Bianchetti costruisce 11 autogrill a ponte, tutti per Pavesi, con struttura in acciaio o in cemento armato, e tutti accomunati da un simile layout. Gli spazi di vendita sono al piano terra, mentre il ristorante panoramico è in quota, spettacolare belvedere su un paesaggio artificiale di lamiere aerodinamiche e asfalto liscissimo. Le differenze formali sono anche notevoli: a Novara (1962) l’aggetto delle solette esalta l’orizzontalità del ponte; a Feronia (1964) l’autogrill si costruisce per sovrapposizione di volumi compatti, trasparenti o opachi; a Montepulciano (1967) sorprende l’asimmetria della gigantesca trave portante in acciaio corten, che esibisce un unico punto d’appoggio, a lato della carreggiata in direzione sud. Ovunque, un elemento di continuità e riconoscibilità sono i frangisole arancioni, oggi purtroppo in gran parte sostituiti.
Negli anni ’60 si moltiplicano i successi e le imitazioni degli autogrill a ponte. Su tutte merita una menzione, per la qualità dei risultati, la serie dei mottagrill della cordata Motta-Melchiorre Bega, inaugurata a Cantagallo nel 1960 e proseguita a Limena nel 1965-67, con la collaborazione di Pier Luigi Nervi. Già all’inizio del decennio successivo, però, la nuova congiuntura economica suggerisce a Pavesi e agli altri imprenditori del settore di optare per soluzioni meno colossali e dispendiose: il sipario cala, rapido e perentorio, su una tipologia che resta l’espressione di un solo, irripetibile decennio.
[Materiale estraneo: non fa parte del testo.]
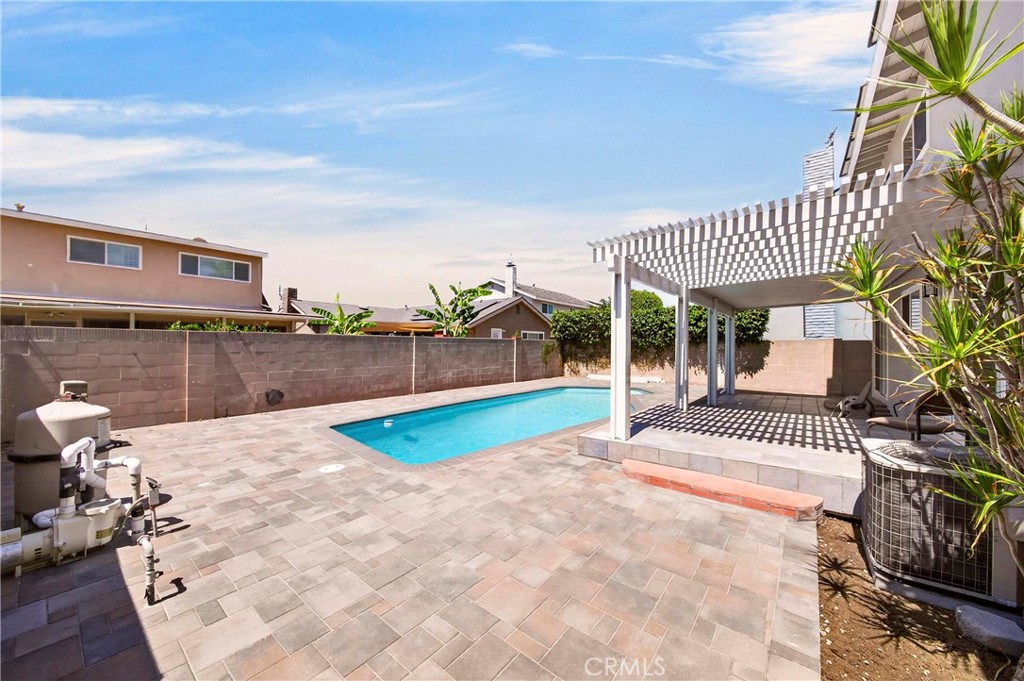 8321 Santa Margarita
In anni più recenti, il Gruppo Autogrill si è dimostrato incapace, per incompetenza o per dolo, tanto di commissionare architetture di qualità, quanto di salvaguardare il patrimonio di strutture moderne ereditato dai precedenti gestori. La recente demolizione del padiglione di Lainate è deprecabile in sé, e lo è ancora di più se si confronta la visionarietà che fu dell’edificio di Bianchetti con la mestizia dell’insignificante “autogrill-vulcano” contemporaneo, completato qualche anno fa sull’altro lato dell’autostrada. C’è da sperare che gli autogrill a ponte conoscano un destino migliore, e che le esigenze funzionali e d’“efficientamento energetico”, pur comprensibili, non diventino un alibi per ulteriori distruzioni.
Gli autogrill a ponte di Bianchetti meritano di essere conservati per almeno due ragioni, tra le tante. A confronto di molti riconosciuti capolavori del tardo razionalismo italiano, queste architetture colte ma spensierate, quasi “piratesche” e intenzionalmente nazionalpopolari, sono oggi una testimonianza più fedele del sentire dell’epoca audace più che rigorosa, frenetica più che ponderata, in cui nacquero. Inoltre, la loro potenza iconica le ha rese definitivamente indipendenti dalla funzione e dalle finalità che le generarono: l’immaginario collettivo le ha adottate e le ha ricollocate dalla sfera del commercio e del consumo a quella del viaggio e della scoperta. L’augurio è che nessuno si permetta di privare il paesaggio autostradale italiano di queste geniali astronavi abitate, “messe di traverso” sulla strada delle vacanze.